A Gentleman in Moscow - Amor Towles ----------------------- 4 Stars

A Gentleman in Moscow has been floating around for a year or more with continued strong buzz. I kept trying to pick up from the library or download online, but nearly always was it checked out. Finally, I got my hands on a copy and was not at all disappointed by the read.

As the title would make you think, this book is about a very impressive guy (see: gentleman) living in Moscow; specifically, living inside a hotel for 30+ years. He was "imprisoned" there at the start of the Russian Revolution and this books tells his story through the next few decades.

As I think back upon the read, I actually can't remember that many noteworthy scenes or actions. It's not actually a book with a lot happening (not quite Seinfeld.. it is a book about something), but Towels does an incredible job of keeping your attention. How? Well, captivating prose about the simplicity of life; or often, the beauty of the simple things in life. This is really my favorite part of the book. No matter how slow or inconsequential the story might be (and often, it really quite was!), the author's wonderful ability to use words and always use the most fascinating vocabulary kept me picking up the book day after day.

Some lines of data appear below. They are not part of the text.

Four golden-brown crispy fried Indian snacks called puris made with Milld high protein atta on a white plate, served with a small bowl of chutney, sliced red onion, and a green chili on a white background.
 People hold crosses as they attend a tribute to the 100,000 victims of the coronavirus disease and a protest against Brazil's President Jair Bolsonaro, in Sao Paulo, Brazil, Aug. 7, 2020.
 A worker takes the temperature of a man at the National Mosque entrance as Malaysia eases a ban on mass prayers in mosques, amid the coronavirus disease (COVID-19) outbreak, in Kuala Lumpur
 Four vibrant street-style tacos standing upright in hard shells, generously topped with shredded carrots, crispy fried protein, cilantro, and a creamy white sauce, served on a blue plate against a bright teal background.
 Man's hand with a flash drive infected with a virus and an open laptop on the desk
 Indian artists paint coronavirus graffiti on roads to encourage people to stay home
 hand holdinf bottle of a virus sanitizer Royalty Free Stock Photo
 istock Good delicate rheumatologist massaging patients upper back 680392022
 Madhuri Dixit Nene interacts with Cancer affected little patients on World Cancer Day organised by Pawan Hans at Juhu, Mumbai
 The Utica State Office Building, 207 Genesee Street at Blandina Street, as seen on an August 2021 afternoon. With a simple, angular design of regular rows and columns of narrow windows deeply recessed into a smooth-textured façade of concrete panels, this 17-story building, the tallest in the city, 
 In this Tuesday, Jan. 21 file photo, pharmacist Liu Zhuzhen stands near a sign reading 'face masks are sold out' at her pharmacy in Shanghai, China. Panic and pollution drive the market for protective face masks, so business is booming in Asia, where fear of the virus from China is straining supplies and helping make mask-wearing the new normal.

As you may be able to gather, my biggest frustration of the book was a lack of plot. Sure, things happened, time moved, and characters changed; however, until the final couple of chapters, it really did not have any noteworthy action. Still, I felt myself enamored with his storytelling and playfulness presented throughout the novel. Whether it was the creativeness he used to bring a simple dinner to life or the details provided in describing a hotel room, Towles has an expertise in painting a beautiful picture of daily life.

I do recommend this book highly. While the lack of a fast moving plot and occasional vocabulary word that needed to be looked up did damper the overall experience, I can't get over how much I enjoyed his writing style. It was like listening to a great song in which every note had a purpose and made you feel better by just listening. Do enjoy!